Once you find the line below that has "হাম উপসর্গে আরও", output it and every line after it exactly, stopping after the line that has "What Happened to", with no pictures.

[Task inputs]

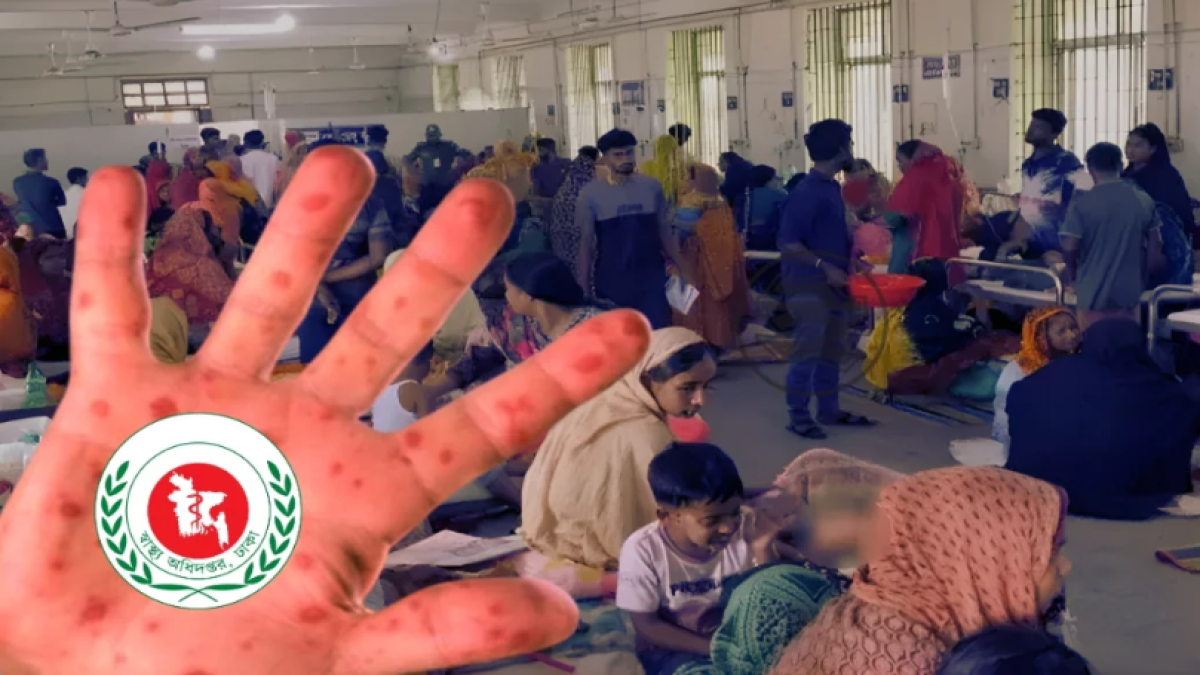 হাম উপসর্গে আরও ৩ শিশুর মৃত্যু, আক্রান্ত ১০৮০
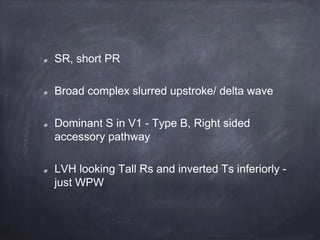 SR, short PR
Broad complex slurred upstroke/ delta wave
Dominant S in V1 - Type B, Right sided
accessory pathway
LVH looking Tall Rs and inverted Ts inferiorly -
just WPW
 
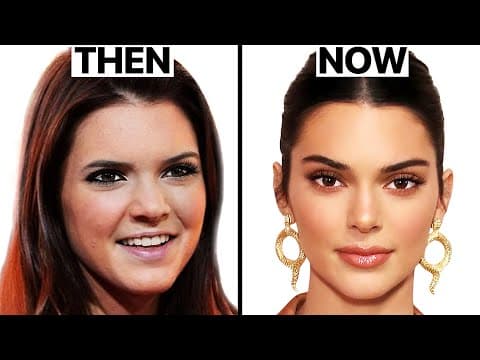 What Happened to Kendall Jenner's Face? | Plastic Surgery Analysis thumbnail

[/Task inputs]
[Task inputs]

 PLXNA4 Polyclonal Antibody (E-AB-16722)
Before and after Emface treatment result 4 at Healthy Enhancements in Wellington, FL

[/Task inputs]

#### Result below
 হাম উপসর্গে আরও ৩ শিশুর মৃত্যু, আক্রান্ত ১০৮০
 SR, short PR
Broad complex slurred upstroke/ delta wave
Dominant S in V1 - Type B, Right sided
accessory pathway
LVH looking Tall Rs and inverted Ts inferiorly -
just WPW
 
 What Happened to Kendall Jenner's Face? | Plastic Surgery Analysis thumbnail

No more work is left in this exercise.